Friday, Apr. 16, 1965

Through the Neck & Into the Brain

The 20-year-old baker in the University of California hospital in San Francisco was dying of a tumor at the base of his brain. The swelling growth was pressing on the basilar artery, one of the brain's major blood suppliers, and eight of the main nerves in his skull were being compressed into uselessness. The patient's speech was garbled and slurred, he regurgitated much of the little he could eat, he had double vision, part of the right side of his body was paralyzed, and he suffered from fits of uncontrollable, inappropriate laughter.

The tragedy was compounded by the fact that once X rays and arteriograms had confirmed their diagnosis, the doctors were stumped. Bold brain surgeons have been probing and cutting deeper and deeper inside the human skull, but the floor of the brain box, where the patient's tumor was growing, has remained virtually inviolate. Nerves, arteries and other vital parts of the anatomy are all crammed into that small central sanctuary behind the nose and mouth. There they rise through openings in the floor of the skull and reach toward the brain above (see diagram). So complex is the collection of vital mechanisms, it has defied generations of neurosurgeons, and the young man seemed doomed.

Window in a Pivot. Then his case came to the attention of the neurosurgery department at the University of California Medical Center. There, like so many neurosurgeons before him, Dr. George C. Stevenson had been challenged by that seemingly impregnable floor of the skull. While studying blood flow in the brains of monkeys, he had learned how to slice through the anatomical maze at the brain's base with the aid of a binocular surgical microscope, and he had practiced putting tourniquets on the basilar artery.

He and his neurosurgical associates at the university had tried parts of such an operation on 33 cadavers. They found that while nerves, blood vessels and other soft structures were difficult enough to cut through, the worst obstacle was an important but little-known bone, the clivus, which balances on the very top of the spinal column to form a pivot for the skull. There was only one way to get past the clivus, and that was to cut a window in it. To make this possible, a whole trayful of special instruments had to be designed and built. Those instruments were ready when the young baker was admitted to the U.C. hospital.
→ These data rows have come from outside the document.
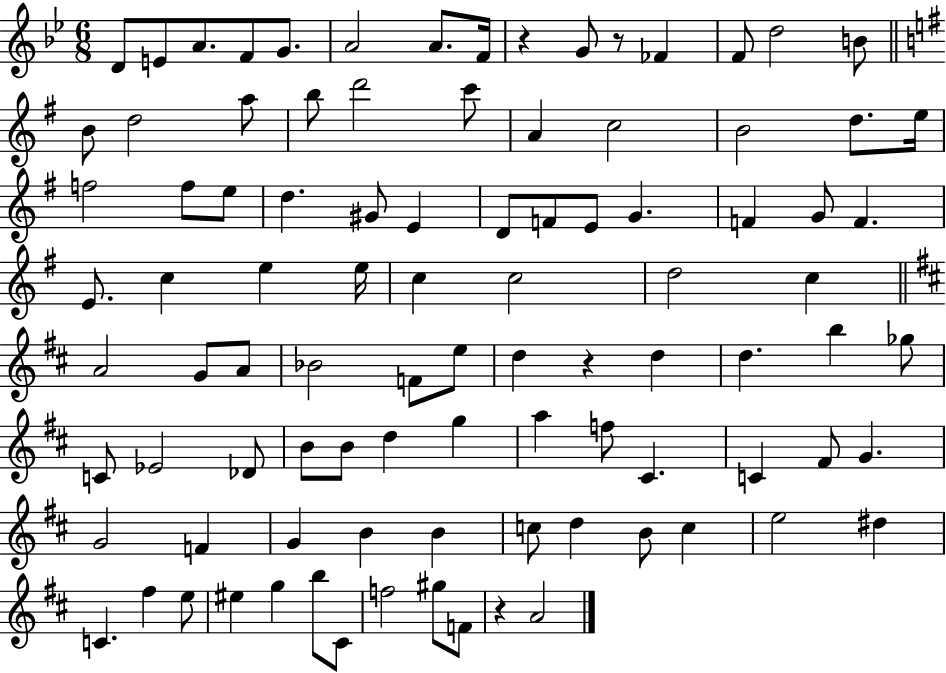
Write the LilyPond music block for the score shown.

{
  \clef treble
  \numericTimeSignature
  \time 6/8
  \key bes \major
  d'8 e'8 a'8. f'8 g'8. | a'2 a'8. f'16 | r4 g'8 r8 fes'4 | f'8 d''2 b'8 | \break \bar "||" \break \key g \major b'8 d''2 a''8 | b''8 d'''2 c'''8 | a'4 c''2 | b'2 d''8. e''16 | \break f''2 f''8 e''8 | d''4. gis'8 e'4 | d'8 f'8 e'8 g'4. | f'4 g'8 f'4. | \break e'8. c''4 e''4 e''16 | c''4 c''2 | d''2 c''4 | \bar "||" \break \key d \major a'2 g'8 a'8 | bes'2 f'8 e''8 | d''4 r4 d''4 | d''4. b''4 ges''8 | \break c'8 ees'2 des'8 | b'8 b'8 d''4 g''4 | a''4 f''8 cis'4. | c'4 fis'8 g'4. | \break g'2 f'4 | g'4 b'4 b'4 | c''8 d''4 b'8 c''4 | e''2 dis''4 | \break c'4. fis''4 e''8 | eis''4 g''4 b''8 cis'8 | f''2 gis''8 f'8 | r4 a'2 | \break \bar "|."
}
Atlas of Anatomy. The surgeons needed free access to the patient's neck region, so they cut a hole into his windpipe and inserted a tube through which he got all later anesthesia. They clamped his jaws tightly shut and fastened his head in a frame to hold it at an unnatural angle--at first, 15DEG backward and 20DEG to the left. They made a long incision from below his ear around past the windpipe. At last, U.C.'s Dr. Roland K. Perkins and Dr. Ronald J. Stoney could start moving closer to the target.

It was three hours before they got there because of all those vital parts in the way. The list of items that had to be delicately dissected and pulled aside reads like an atlas of anatomy. The surgeons had to fracture the top vertebra with a Hall air-driven drill, and then the seclusive clivus was exposed at last. They attacked this with an air drill, and cut a 1-in. by 2-in. window in the bone's sloping forward face. This exposed the tumor.
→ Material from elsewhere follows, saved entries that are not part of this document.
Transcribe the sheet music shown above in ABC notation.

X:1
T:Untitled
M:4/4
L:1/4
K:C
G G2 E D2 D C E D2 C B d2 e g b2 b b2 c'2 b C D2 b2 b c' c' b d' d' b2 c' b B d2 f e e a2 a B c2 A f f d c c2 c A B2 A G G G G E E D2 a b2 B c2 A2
Some of it was soft enough to be removed by suction, but parts of it had to be cut away. As more and more was removed, the surgeons could see the basilar artery straightening out. They could realize the release of crippling pressure on the patient's nerves. The window in the clivus was sealed with a piece of the patient's own muscle, and the tedious job of putting his delicate structures back in place began. The whole operation took eleven hours.
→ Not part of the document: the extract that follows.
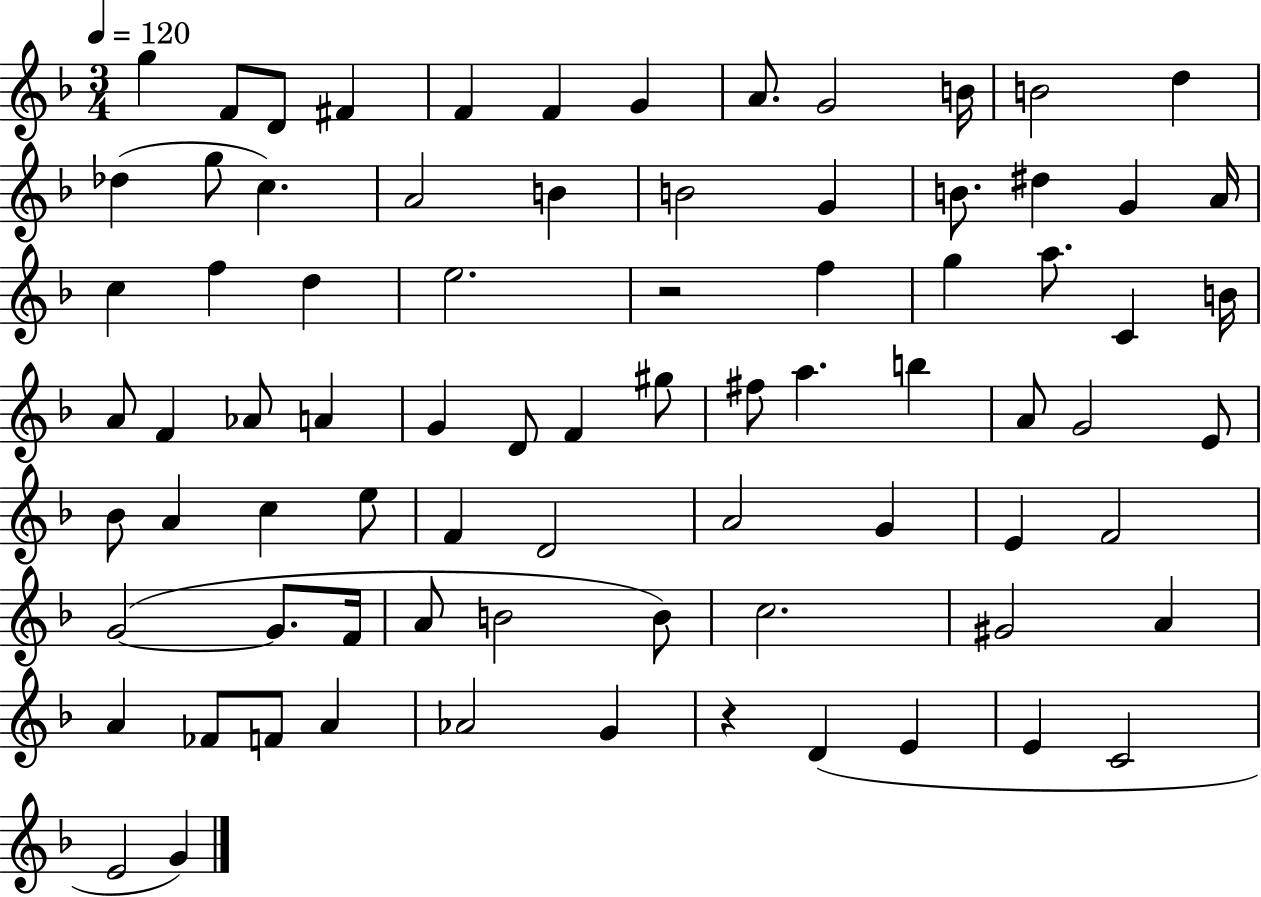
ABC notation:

Back to Work. For a week the patient was immobilized with sand bags to promote healing. By then the nerves and muscles on his right side were already improving, and within a month he had full use of his right arm. Last week he was back at work.

His had been a relatively rare cancer, but the operation is expected to be equally effective for more common tumors. Even some noncancerous conditions, including strokes caused by the bursting of a brain artery on the floor of the skull, now seem susceptible to surgical therapy. Even as Dr. Stevenson was reporting this week to the Harvey Gushing Neurosurgical Society in Manhattan, surgical teams from two other medical centers described their own successes with similar operations.